Сестра и брат невесты учились в Томском университете, сама она была недоучившаяся курсистка (приехали они из Новониколаевска, еще не ставшего Новосибирском). Жених, человек зрелый, вологжанин, старше ее лет на десять, военный врач с опытом работы земским врачом, любил ее без памяти.

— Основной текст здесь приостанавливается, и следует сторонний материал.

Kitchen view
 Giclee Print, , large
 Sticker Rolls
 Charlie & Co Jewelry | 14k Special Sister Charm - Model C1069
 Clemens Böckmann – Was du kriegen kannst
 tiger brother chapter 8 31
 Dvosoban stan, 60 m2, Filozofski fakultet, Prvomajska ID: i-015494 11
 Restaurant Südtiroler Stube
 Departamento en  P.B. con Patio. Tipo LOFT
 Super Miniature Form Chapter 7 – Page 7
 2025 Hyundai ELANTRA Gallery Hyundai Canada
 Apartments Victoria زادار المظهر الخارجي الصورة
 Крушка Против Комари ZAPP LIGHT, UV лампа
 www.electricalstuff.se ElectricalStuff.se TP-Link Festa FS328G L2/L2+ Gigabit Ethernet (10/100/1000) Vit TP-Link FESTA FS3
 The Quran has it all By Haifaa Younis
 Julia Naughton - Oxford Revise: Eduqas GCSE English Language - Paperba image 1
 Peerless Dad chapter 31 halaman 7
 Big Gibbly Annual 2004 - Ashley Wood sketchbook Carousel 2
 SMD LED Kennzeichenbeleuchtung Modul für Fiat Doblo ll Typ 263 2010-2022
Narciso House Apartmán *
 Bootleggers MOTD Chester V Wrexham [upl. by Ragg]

Чувства самой Лилечки дремали, но ей хотелось семейного счастья, пора было замуж, она согласилась.
Сестры с братом снимали квартиру на одной из известнейших улиц на втором этаже одного из множества деревянных домов с высоким каменным цоколем, дом украшало деревянное кружево резьбы, на башенке скрипел флюгер, вдоль тротуара росли рядком тополя. В центре Томска невеста зашла в ателье, где бойкий портной обсудил с хорошенькой девушкой фасон подвенечного наряда, ловкая портниха сняла мерку, заплачен был задаток, назначен день получения заказа — накануне свадьбы.
Накануне свадьбы с сестрой и подругой отправилась юная Елизавета Ефимовна за своим платьем. И сколько ни искали они бело-розовый дом с зеленой дверью и вывеской ателье, так и не нашли. Невеста плакала в три ручья, обошли не только указанную ею улицу, но пару соседних околотков; дом, дверь, заведение бойкого портного вкупе с подвенечным платьем как в воду канули.